Los investigadores de SentinelLabs dijeron que Aogin Dragon busca el acceso inicial a través de exploits de documentos y el uso de unidades extraíbles falsas.
Los investigadores dijeron que otras técnicas que usa el atacante incluyen lo siguiente: secuestro de DLL, archivos empaquetados en Themida y túneles DNS para evadir la detección posterior al compromiso.
El gobierno chino siempre ha realizado un trabajo notable en la selección de objetivos altamente específicos diseñados para infectar a sus objetivos de espionaje, dijo John Bambenek, principal cazador de amenazas de Netenrich.
“Se esfuerzan mucho en hacer la investigación para asegurarse de que puedan infectar discretamente a las organizaciones y operar durante largos períodos de tiempo sin ser descubiertos”, explicó Bambenek.
Mike Parkin, ingeniero técnico sénior de Vulcan Cyber, dijo que identificar y rastrear adecuadamente a los actores de amenazas estatales y patrocinados por el estado siempre presenta desafíos.
Parkin dijo que a menudo parecen ser amenazas criminales, usan las mismas herramientas y técnicas y, a menudo, persiguen los mismos objetivos. “La vinculación concluyente con un estado determinado a menudo requiere un análisis más profundo y una comprensión de sus motivos”, dijo Parkin. «SentinelOne, que publica ahora la información sobre un grupo APT que aparentemente ha estado activo durante casi una década y no aparece en otras listas, muestra lo difícil que es ‘estar seguro’ al identificar un nuevo actor de amenazas».
Jake Williams, director ejecutivo de inteligencia de amenazas cibernéticas en SCYTHE, agregó que no sorprende que los actores de amenazas continúen confiando en unidades extraíbles para propagar malware.

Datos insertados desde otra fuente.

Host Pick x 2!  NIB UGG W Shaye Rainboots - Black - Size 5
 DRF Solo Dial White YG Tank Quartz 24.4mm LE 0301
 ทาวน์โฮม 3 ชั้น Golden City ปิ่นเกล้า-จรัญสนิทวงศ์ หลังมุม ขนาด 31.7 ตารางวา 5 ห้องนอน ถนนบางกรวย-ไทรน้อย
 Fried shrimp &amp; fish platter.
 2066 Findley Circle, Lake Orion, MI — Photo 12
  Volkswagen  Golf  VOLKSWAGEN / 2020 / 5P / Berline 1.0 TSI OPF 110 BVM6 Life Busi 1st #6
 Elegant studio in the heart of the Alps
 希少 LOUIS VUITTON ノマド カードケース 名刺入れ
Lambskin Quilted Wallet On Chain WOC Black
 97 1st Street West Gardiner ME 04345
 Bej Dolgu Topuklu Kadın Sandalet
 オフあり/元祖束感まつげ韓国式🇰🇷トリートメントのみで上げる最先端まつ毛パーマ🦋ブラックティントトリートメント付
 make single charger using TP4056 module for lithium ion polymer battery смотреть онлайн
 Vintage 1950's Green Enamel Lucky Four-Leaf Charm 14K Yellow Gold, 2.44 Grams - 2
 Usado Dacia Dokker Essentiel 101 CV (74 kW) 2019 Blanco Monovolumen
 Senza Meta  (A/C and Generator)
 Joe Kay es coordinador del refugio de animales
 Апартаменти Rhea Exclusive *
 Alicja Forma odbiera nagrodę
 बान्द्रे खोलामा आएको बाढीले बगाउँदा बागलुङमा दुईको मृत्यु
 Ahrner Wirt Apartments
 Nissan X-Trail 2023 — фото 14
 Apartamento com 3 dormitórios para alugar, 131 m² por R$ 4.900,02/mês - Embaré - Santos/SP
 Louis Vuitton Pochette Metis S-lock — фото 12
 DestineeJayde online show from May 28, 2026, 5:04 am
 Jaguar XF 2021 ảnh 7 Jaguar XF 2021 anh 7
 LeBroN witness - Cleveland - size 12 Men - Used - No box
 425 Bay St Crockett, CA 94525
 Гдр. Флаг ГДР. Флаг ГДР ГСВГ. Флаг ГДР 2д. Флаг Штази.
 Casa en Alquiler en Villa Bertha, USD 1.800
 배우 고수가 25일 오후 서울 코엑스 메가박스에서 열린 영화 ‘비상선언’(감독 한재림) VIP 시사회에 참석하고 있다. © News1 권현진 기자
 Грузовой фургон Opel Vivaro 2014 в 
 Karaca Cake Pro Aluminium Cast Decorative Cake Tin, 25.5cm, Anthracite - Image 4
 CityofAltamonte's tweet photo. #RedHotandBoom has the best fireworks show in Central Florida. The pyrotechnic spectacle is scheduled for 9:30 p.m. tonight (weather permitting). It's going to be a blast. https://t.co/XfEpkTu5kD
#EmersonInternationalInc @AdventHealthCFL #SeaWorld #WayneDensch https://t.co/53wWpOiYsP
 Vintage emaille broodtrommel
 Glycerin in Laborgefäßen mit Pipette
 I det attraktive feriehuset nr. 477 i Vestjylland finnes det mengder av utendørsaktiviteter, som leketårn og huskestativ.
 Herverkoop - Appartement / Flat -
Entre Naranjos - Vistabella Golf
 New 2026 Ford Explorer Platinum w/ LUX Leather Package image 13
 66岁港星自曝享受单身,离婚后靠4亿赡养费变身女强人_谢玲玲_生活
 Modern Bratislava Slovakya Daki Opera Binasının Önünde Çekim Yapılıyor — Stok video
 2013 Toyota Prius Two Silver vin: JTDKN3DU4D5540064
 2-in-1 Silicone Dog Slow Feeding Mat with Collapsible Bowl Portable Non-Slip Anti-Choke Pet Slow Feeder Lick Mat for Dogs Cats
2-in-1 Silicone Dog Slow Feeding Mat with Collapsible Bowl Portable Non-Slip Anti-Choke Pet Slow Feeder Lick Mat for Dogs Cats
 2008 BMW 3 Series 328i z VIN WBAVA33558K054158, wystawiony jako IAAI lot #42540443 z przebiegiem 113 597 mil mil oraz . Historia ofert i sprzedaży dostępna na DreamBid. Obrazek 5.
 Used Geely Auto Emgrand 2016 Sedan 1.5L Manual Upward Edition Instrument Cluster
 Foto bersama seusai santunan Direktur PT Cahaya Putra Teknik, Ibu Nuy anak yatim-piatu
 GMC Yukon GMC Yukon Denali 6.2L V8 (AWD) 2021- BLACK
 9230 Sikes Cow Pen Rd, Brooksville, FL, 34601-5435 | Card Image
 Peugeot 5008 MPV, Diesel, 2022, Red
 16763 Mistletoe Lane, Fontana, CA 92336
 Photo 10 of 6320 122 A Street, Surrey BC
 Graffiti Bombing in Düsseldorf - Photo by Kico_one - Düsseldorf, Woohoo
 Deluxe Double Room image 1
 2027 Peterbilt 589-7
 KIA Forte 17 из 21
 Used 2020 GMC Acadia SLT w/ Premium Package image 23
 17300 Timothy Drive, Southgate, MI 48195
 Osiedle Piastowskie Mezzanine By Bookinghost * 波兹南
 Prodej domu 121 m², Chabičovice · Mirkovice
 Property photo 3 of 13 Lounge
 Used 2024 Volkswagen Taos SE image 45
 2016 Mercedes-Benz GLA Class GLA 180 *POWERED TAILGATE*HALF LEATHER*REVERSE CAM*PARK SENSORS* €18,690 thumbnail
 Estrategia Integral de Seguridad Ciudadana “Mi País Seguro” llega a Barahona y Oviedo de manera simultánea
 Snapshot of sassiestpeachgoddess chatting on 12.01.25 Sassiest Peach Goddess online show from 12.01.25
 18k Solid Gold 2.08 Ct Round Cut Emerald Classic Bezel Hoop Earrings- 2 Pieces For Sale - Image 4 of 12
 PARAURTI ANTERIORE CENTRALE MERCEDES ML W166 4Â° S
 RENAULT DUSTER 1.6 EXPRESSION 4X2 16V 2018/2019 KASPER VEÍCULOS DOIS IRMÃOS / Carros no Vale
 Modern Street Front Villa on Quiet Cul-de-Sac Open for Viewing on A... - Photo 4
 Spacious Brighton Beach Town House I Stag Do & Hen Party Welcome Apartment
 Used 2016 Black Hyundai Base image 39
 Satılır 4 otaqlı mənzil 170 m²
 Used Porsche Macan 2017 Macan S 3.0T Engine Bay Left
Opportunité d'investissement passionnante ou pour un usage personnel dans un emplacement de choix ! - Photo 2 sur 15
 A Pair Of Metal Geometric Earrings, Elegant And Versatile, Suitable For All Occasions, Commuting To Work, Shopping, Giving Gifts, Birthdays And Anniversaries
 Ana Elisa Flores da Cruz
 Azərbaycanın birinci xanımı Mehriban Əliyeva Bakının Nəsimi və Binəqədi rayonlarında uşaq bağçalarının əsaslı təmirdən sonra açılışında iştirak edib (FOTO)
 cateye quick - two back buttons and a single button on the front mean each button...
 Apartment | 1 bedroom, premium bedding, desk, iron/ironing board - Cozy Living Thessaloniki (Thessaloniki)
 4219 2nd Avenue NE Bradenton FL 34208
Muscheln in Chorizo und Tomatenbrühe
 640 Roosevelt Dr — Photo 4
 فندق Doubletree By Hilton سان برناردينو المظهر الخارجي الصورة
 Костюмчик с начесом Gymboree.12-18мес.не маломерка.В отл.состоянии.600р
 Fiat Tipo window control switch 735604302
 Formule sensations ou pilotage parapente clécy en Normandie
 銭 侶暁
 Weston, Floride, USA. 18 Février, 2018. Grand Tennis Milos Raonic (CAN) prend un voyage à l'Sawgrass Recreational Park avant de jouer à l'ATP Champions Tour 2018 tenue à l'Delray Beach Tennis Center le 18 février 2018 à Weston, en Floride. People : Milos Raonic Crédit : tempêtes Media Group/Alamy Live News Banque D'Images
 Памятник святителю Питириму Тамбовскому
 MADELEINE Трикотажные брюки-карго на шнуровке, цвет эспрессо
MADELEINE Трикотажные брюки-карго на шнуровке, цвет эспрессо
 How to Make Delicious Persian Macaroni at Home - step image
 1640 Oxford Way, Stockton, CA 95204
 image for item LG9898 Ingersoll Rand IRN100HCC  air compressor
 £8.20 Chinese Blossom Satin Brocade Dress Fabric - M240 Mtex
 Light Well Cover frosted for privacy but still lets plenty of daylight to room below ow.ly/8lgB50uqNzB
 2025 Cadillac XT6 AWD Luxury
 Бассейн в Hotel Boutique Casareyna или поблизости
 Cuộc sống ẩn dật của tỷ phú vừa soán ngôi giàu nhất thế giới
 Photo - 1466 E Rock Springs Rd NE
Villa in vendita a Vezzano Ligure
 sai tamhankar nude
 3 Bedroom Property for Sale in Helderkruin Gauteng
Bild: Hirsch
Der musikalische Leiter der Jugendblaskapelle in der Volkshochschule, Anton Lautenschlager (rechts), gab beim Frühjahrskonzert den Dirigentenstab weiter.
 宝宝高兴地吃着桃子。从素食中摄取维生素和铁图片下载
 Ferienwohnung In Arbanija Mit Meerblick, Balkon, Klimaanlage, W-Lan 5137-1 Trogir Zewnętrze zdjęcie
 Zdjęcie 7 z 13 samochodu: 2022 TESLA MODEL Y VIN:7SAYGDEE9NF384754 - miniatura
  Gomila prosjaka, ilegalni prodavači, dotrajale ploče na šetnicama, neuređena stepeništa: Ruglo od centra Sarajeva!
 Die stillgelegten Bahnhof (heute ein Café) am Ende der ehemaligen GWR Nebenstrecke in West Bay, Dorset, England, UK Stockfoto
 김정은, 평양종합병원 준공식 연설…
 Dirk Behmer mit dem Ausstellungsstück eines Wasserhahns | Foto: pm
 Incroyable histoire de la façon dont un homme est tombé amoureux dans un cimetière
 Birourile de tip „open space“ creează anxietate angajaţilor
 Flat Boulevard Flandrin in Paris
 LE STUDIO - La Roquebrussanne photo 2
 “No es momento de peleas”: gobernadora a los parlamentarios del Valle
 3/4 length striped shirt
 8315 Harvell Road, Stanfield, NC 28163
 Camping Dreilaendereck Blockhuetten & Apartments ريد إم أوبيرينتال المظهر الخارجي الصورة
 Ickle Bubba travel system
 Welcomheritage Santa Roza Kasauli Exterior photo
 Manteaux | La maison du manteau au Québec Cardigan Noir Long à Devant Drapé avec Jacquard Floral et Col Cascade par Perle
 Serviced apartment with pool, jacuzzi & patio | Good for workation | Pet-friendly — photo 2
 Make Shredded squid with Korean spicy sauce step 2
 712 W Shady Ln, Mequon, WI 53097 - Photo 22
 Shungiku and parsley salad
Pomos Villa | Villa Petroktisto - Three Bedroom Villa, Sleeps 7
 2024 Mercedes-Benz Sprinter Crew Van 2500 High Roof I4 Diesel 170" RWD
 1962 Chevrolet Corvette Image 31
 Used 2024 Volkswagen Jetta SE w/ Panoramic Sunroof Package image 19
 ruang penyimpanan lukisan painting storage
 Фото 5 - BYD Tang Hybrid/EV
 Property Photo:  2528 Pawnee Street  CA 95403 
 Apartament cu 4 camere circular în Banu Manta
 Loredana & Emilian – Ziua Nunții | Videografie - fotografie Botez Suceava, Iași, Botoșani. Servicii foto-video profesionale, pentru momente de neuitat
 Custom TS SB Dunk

Williams dijo que el secuestro de DLL también ha sido históricamente utilizado ampliamente por los actores de amenazas del estado-nación chino.
“El secuestro de DLL es una técnica que muchas plataformas de protección de puntos finales no logran identificar”, dijo Williams. «La mayoría de las detecciones de secuestro de DLL solo se identifican a través de la ingeniería de detección, lo que destaca la necesidad de una validación continua del control de seguridad».